You might think that a business could get by with just using predictive analytics and that prescriptive analytics is a “nice to have” add-on. However, that way of thinking misses the mark. An Economist Intelligence Unit report says that 70 percent of business executives rate data science and analytics projects as very important. But only 2 percent say that these same projects have delivered on their promise.
Why? Predictive models delivered by machine learning provide “actionable insights,” but they don’t say what actions you should take based on those insights for the best outcomes. In many cases, a biased human goes with “their gut.” The results are usually not optimal at best and disappointing at worst. To truly benefit from predictive analytics, it’s critical to invest in prescriptive analytics.
Here are some examples that shed some light on the value of adding prescriptive analytics to your predictive capabilities. If you are in the manufacturing sector, predictive analytics can give you an estimate of how much time it will take employees and tools to do maintenance. After using prescriptive analytics, you’ll know how much overtime is necessary so you can generate detailed schedules.
In retail, predictive analytics can forecast a demand surge caused by external circumstances. Prescriptive analytics can help build replenishment plans to decide which warehouse should supply to each retail store to adequately meet the demand.
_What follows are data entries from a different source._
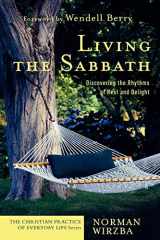9781587431654-1587431653-Living the Sabbath: Discovering the Rhythms of Rest and Delight (The Christian Practice of Everyday Life)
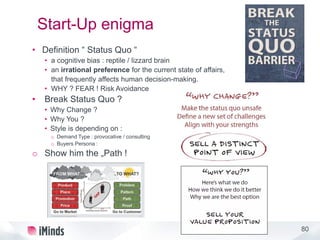 80
Start-Up enigma
• Definition “ Status Quo “
• a cognitive bias : reptile / lizzard brain
• an irrational preference for the current state of affairs,
that frequently affects human decision-making.
• WHY ? FEAR ! Risk Avoidance
• Break Status Quo ?
• Why Change ?
• Why You ?
• Style is depending on :
o Demand Type : provocative / consulting
o Buyers Persona :
o Show him the „Path !
 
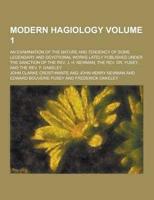 Modern Hagiology; An Examination of the Nature and Tendency of Some Legendary and Devotional Works Lately Published Under the Sanction of the REV. J.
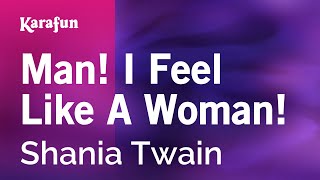 Man! I Feel Like a Woman! - Shania Twain | Karaoke Version | KaraFun chords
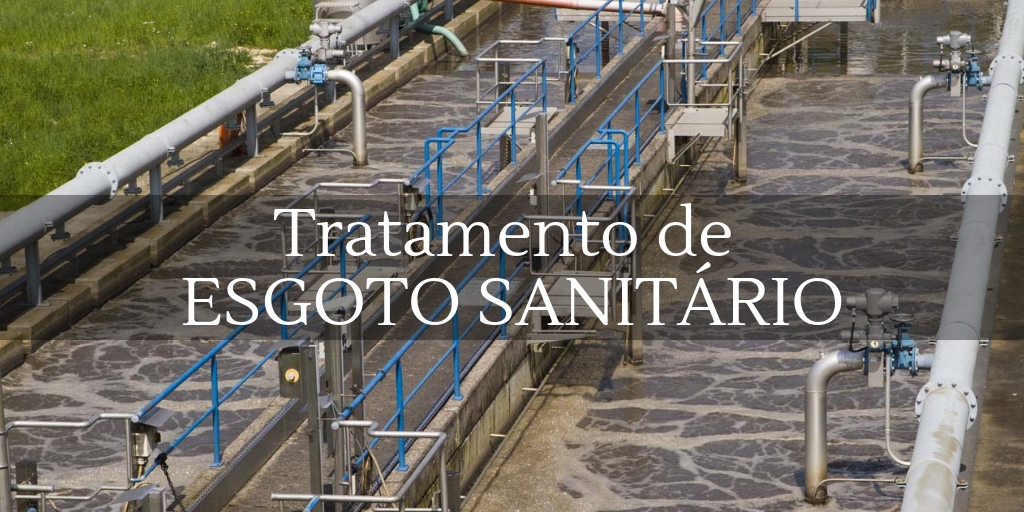 Read more about the article Processos de tratamento de esgoto sanitário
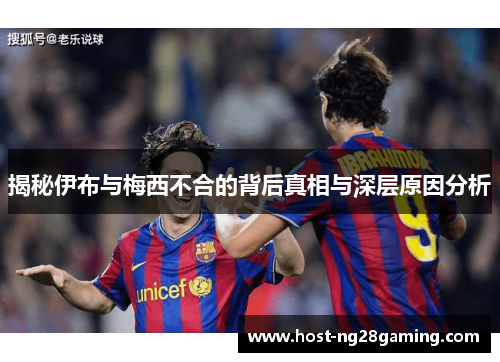 揭秘伊布与梅西不合的背后真相与深层原因分析
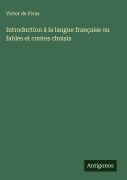 Cover-Bild zum Titel 'Introduction à la langue française ou fables et contes choisis' von 'Victor De Fivas'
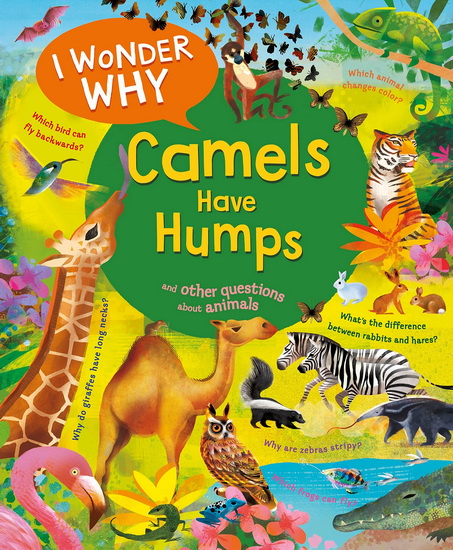 I Wonder Why Camels Have Humps - ANITA GANERI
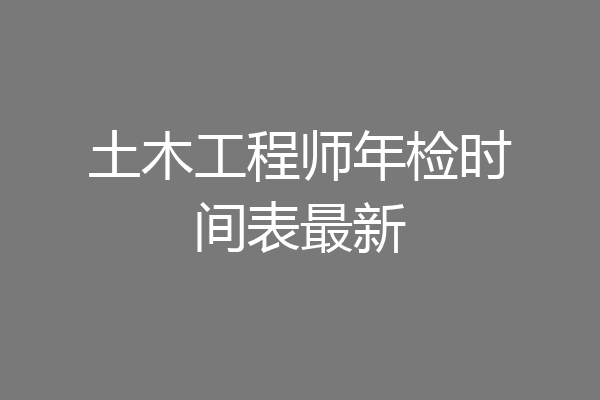 土木工程师年检时间表最新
And finally, if your business is an airline or another part of the travel and transportation industry, you can take demand forecasts and use prescriptive analytics to build out optimal fleet plans and crew schedules.
Why your business needs decision optimization and prescriptive analytics
According to an INFORMS press release, finalists for the Edelman award for Achievements in Operations Research and Management Science have achieved wide-ranging benefits by using decision optimization techniques to deliver prescriptive analytics capabilities. Benefits include millions of dollars in direct savings, better customer service and lower inventory. Prescriptive analytics takes business decision-making to the next level. You have the tools to predict likely scenarios and integrate these insights into the prescriptive engine so that decisions are dynamically optimized with a forward-looking view.
IBM customer Fleetpride is a real-life example of a business deriving value from prescriptive analytics. Fleetpride sells parts and provides services for heavy-duty trucks and trailers. They built a model that uses historical shipping data to predict the shipping orders per warehouse by day, week and month. They apply decision optimization to the model to determine the optimal action for dealing with customer demand on any given day, including staffing and inventory placement.
As Fleetpride demonstrates, prescriptive analytics enables you to transform data and predictive solutions into real, fact-based, unbiased courses of action. You no longer have to rely on intuition. Instead, advanced analytics, statistical modeling and a decision engine can solve complex your business planning, scheduling, pricing and inventory challenges, along with a host of other problems that are beyond the capabilities of spreadsheets and the human mind. As a result, your business can be poised for greater success and competitive advantage.